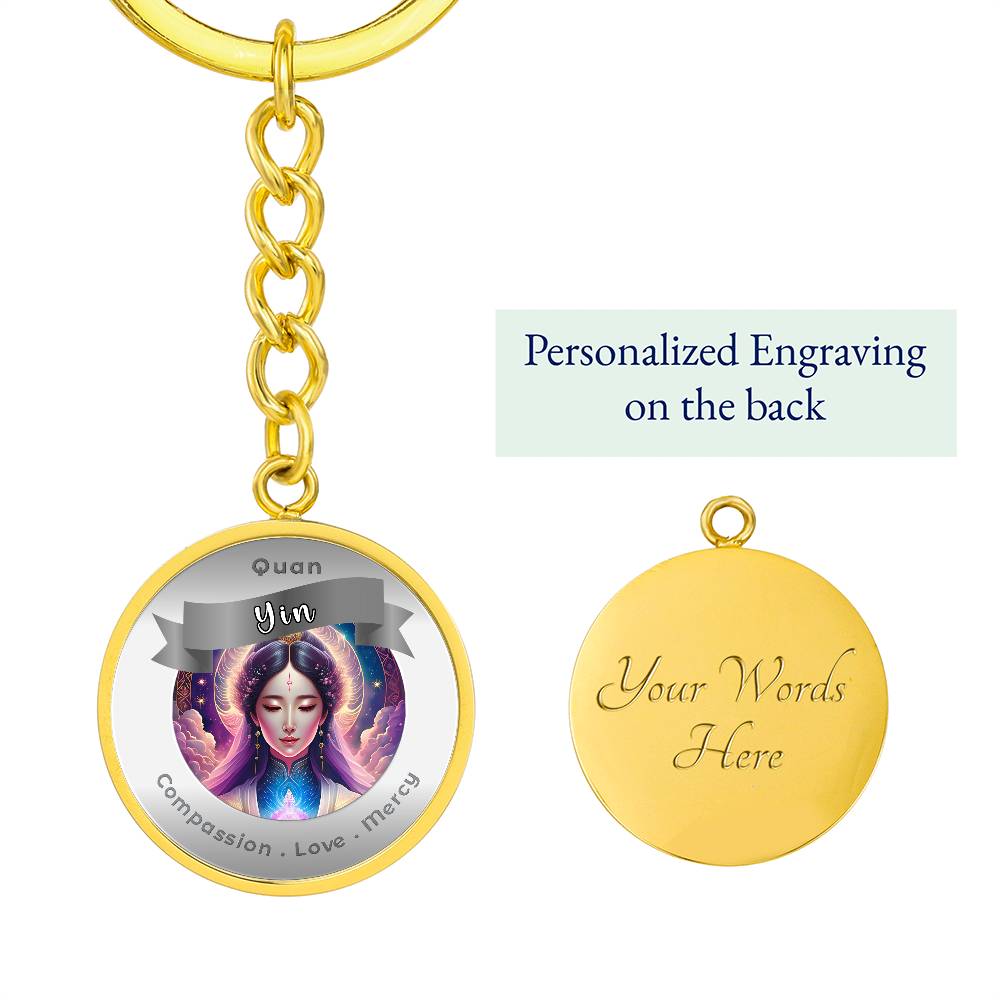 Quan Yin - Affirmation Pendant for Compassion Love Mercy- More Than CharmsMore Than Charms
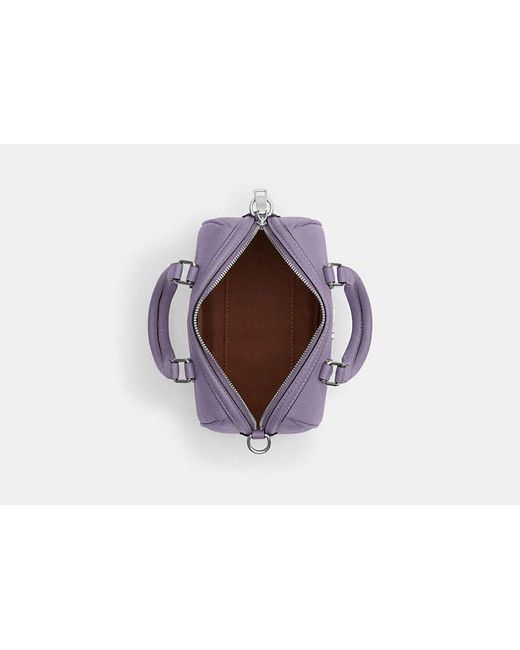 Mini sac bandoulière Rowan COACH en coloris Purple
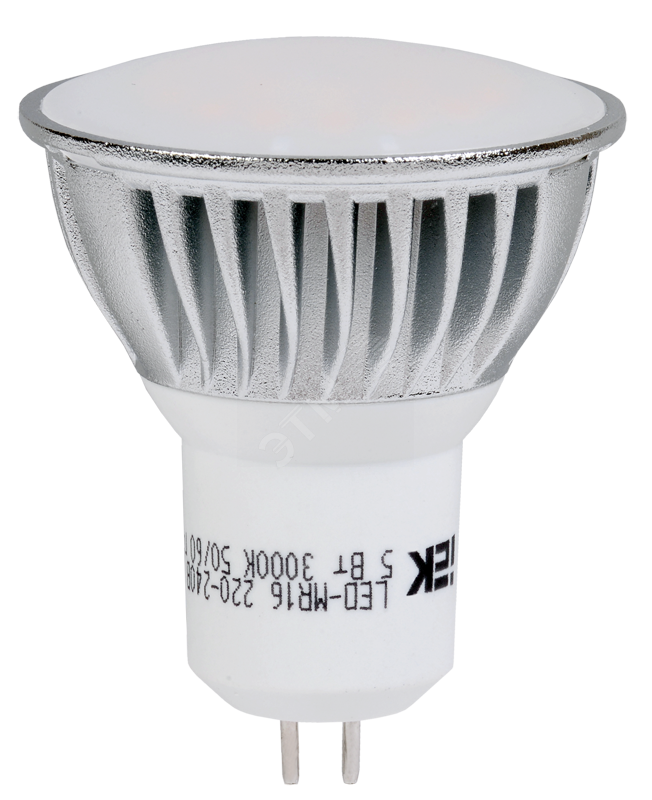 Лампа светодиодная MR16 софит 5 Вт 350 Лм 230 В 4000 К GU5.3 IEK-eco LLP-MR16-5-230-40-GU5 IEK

---

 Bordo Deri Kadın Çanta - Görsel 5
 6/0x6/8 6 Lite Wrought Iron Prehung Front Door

EXERCISE OBJECTIVE —
Within the data above, the span starting at the line containing "Bordo Deri Kadın Çanta - Görsel 5" and ending at the line containing "6/0x6/8 6 Lite" is to be retyped exactly, with no other lines.

EXERCISE OUTPUT —
 Bordo Deri Kadın Çanta - Görsel 5
 6/0x6/8 6 Lite Wrought Iron Prehung Front Door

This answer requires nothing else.